Give the records again exactly, but drop the pictures.

** Supplied information follows **

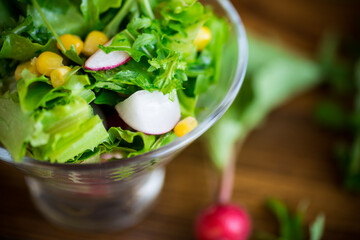 Spring salad from early vegetables, lettuce leaves, radishes and herbs in a plate on the table
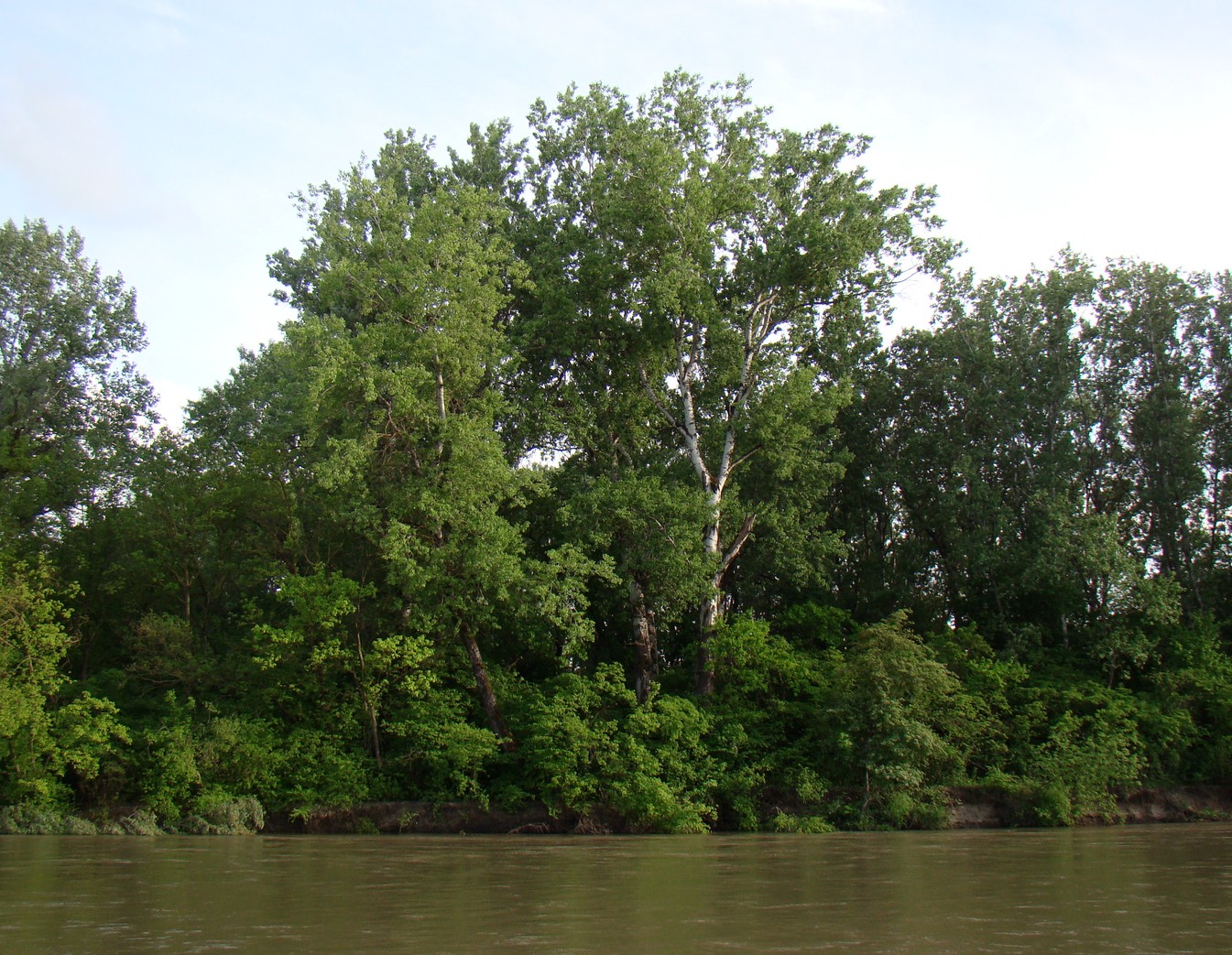 Image of Populus alba specimen.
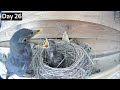 From laying eggs to leaving nest: 30 days in 20 min | Blackbird nest camera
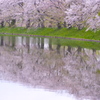 水面の桜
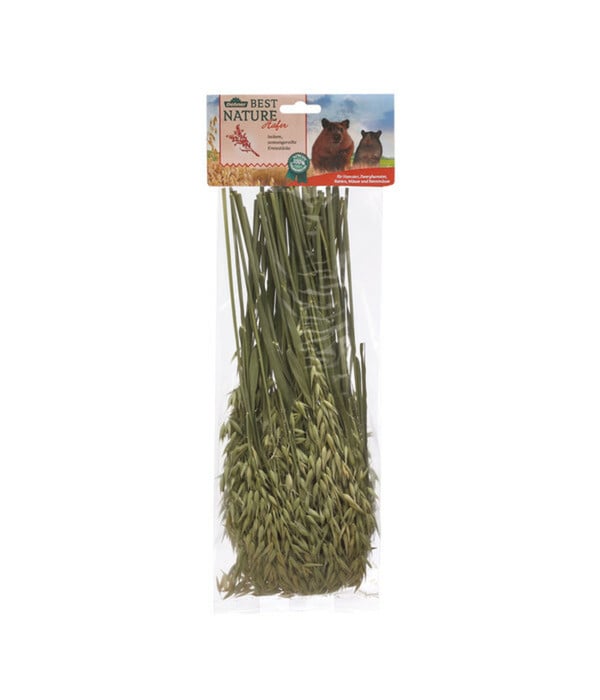 Bild 1 von Dehner Best Nature Hafer, 75 g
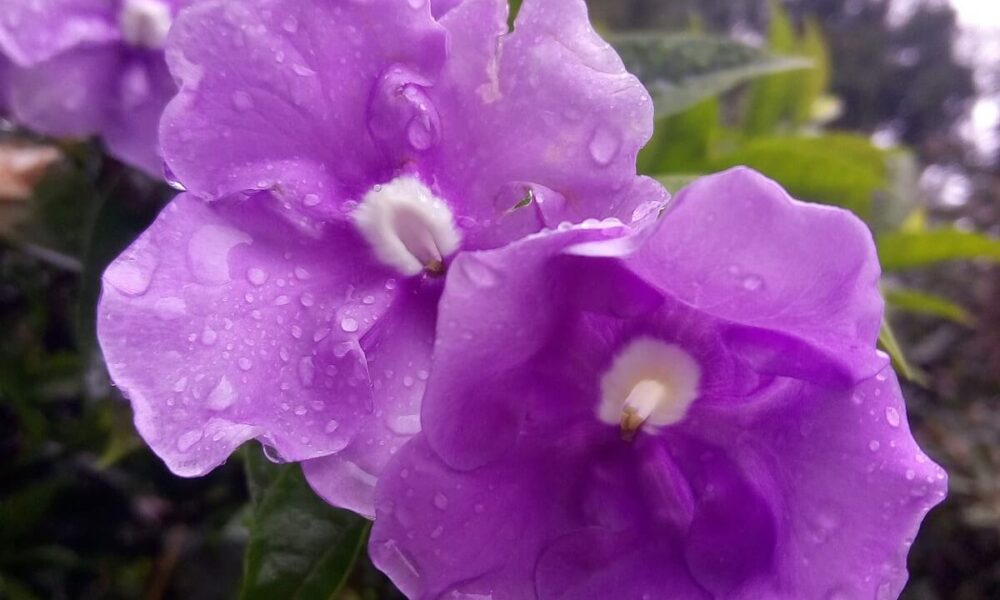 balkónové rastliny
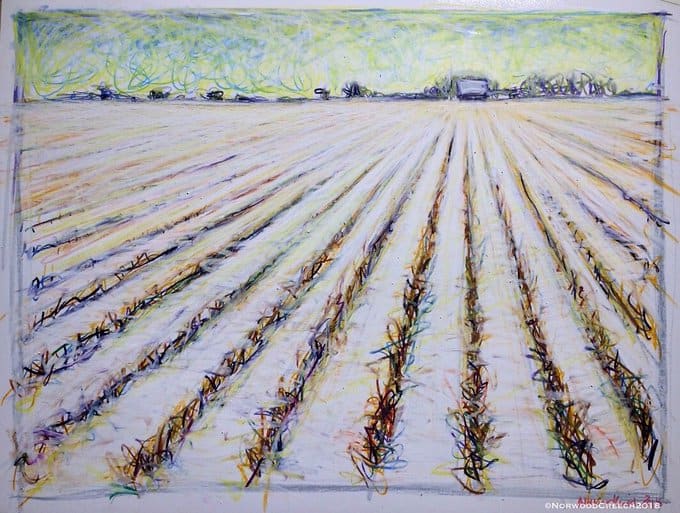 Stubble in the Snow (Winter Field), Poinsett County, Arkansas by Norwood Creech 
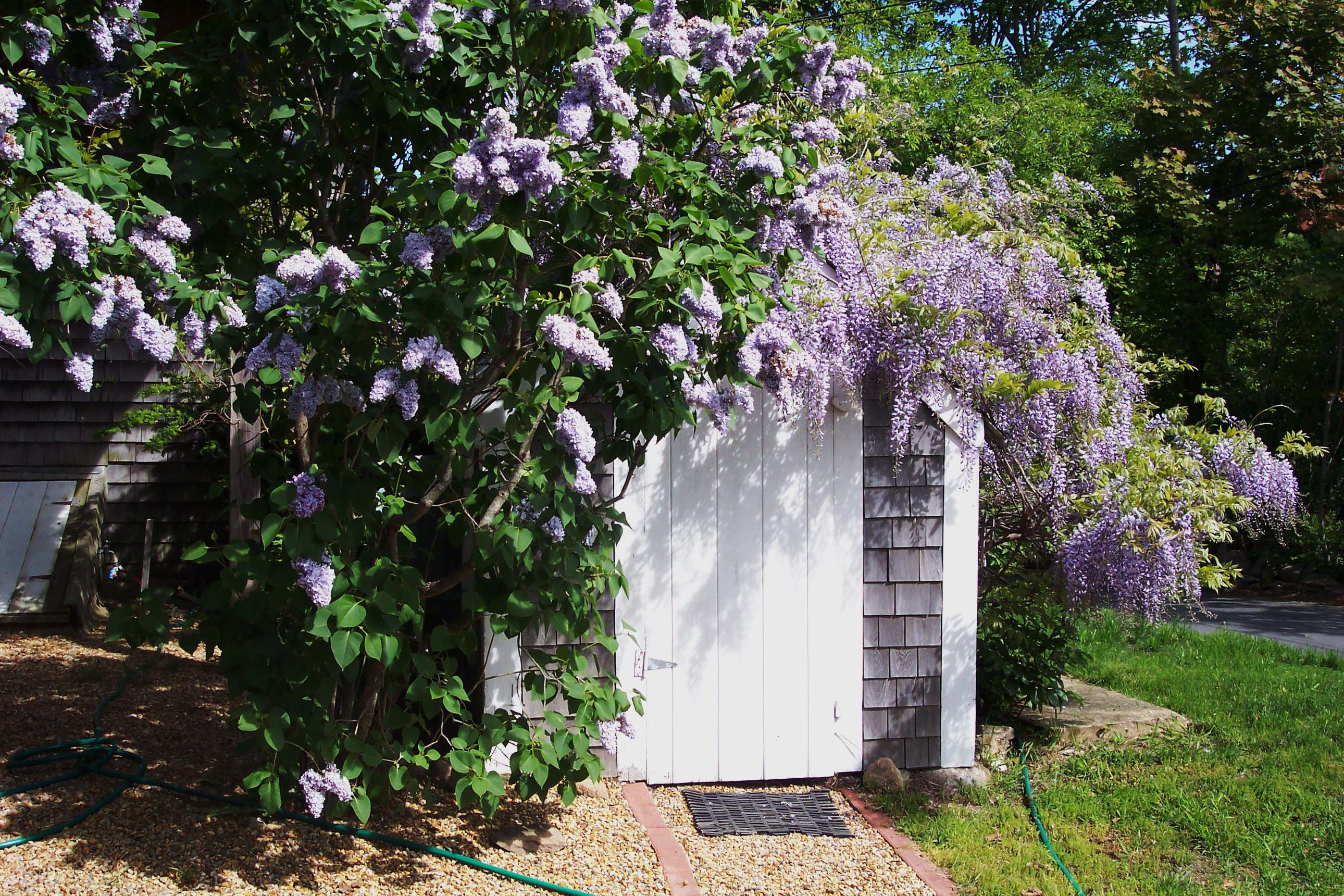 Wisteria 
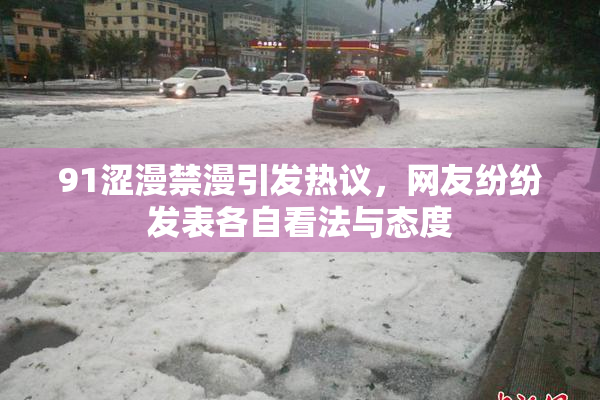 91涩漫禁漫引发热议，网友纷纷发表各自看法与态度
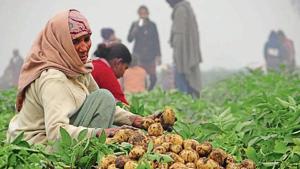 Against a production cost of around Rs 5 per kg, potato is selling at Rs 2 per kg in the wholesale market. Doaba has 93% of the state’s sown area of the crop.(HT File) Against a production cost of around Rs 5 per kg, potato is selling at Rs 2 per kg in the wholesale market. Doaba has 93% of the state’s sown area of the crop.(HT File)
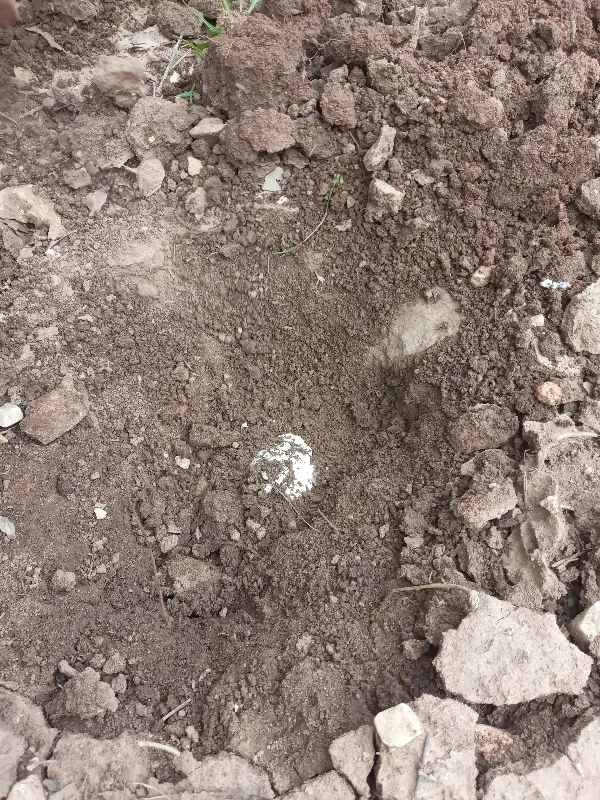 زمین ماسه شوی دره گرم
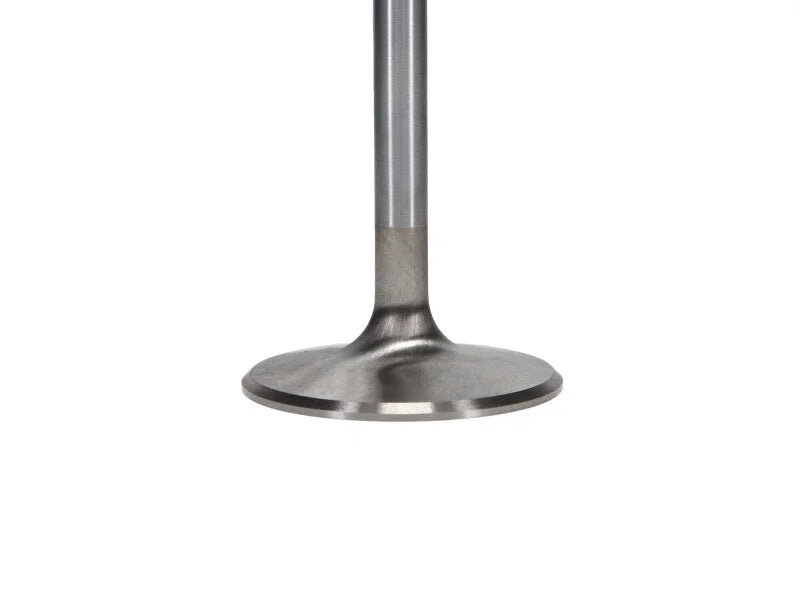Manley Chevrolet Small Block Intake Valve Kit - 2.055in Head Dia. 4.911in O/A Length, 0.3415in Stem - Back View
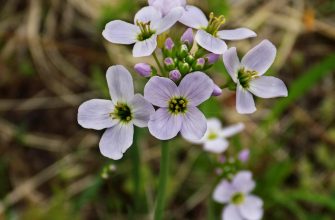 Oxalis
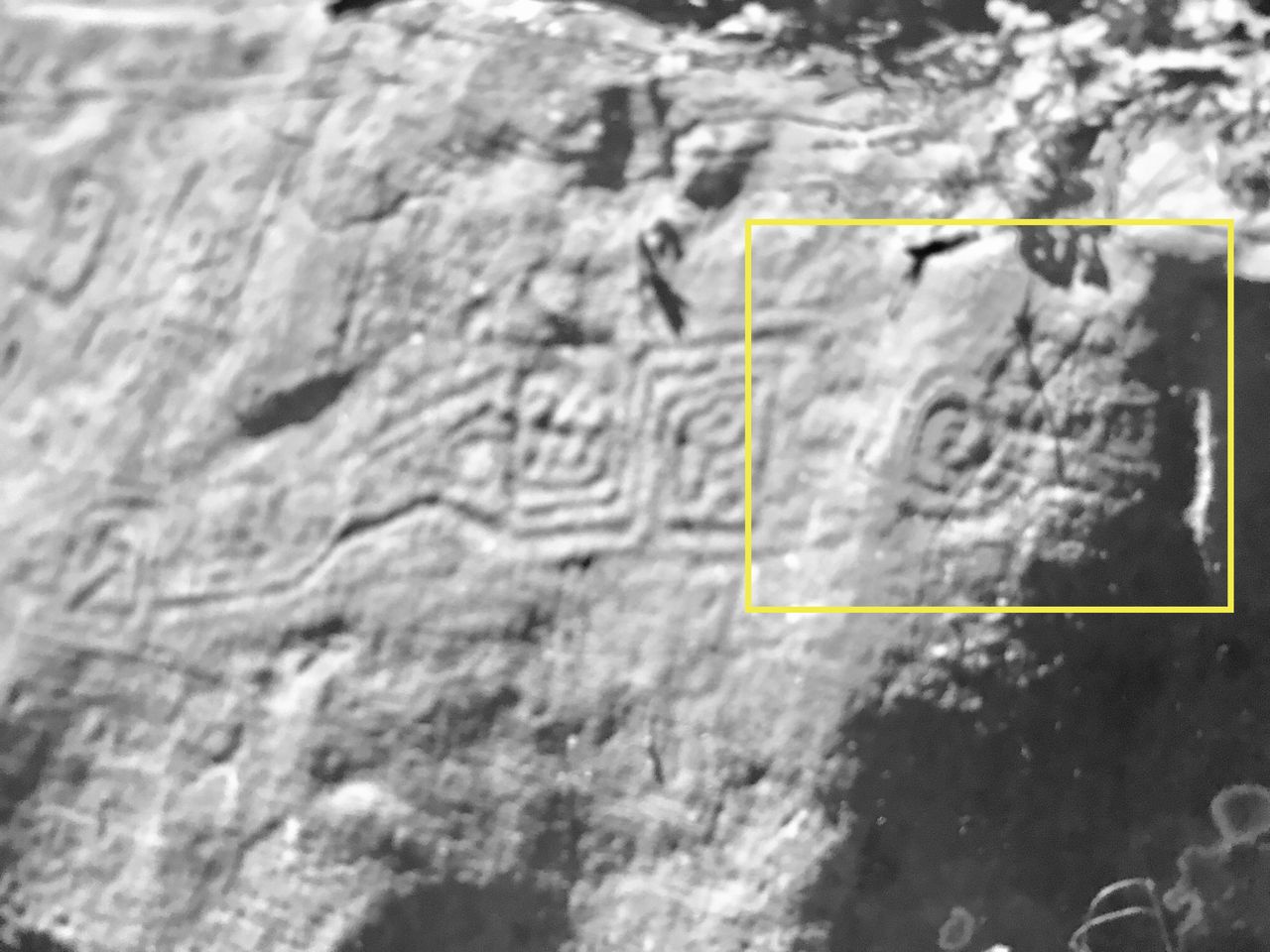 The part of the monolith where the feline feathered figure is located is shown here.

** End of Supplied information **

**Written response:**
 Spring salad from early vegetables, lettuce leaves, radishes and herbs in a plate on the table
 Image of Populus alba specimen.
 From laying eggs to leaving nest: 30 days in 20 min | Blackbird nest camera
 水面の桜
 Bild 1 von Dehner Best Nature Hafer, 75 g
 balkónové rastliny
 Stubble in the Snow (Winter Field), Poinsett County, Arkansas by Norwood Creech 
 Wisteria 
 91涩漫禁漫引发热议，网友纷纷发表各自看法与态度
 Against a production cost of around Rs 5 per kg, potato is selling at Rs 2 per kg in the wholesale market. Doaba has 93% of the state’s sown area of the crop.(HT File) Against a production cost of around Rs 5 per kg, potato is selling at Rs 2 per kg in the wholesale market. Doaba has 93% of the state’s sown area of the crop.(HT File)
 زمین ماسه شوی دره گرم
Manley Chevrolet Small Block Intake Valve Kit - 2.055in Head Dia. 4.911in O/A Length, 0.3415in Stem - Back View
 Oxalis
 The part of the monolith where the feline feathered figure is located is shown here.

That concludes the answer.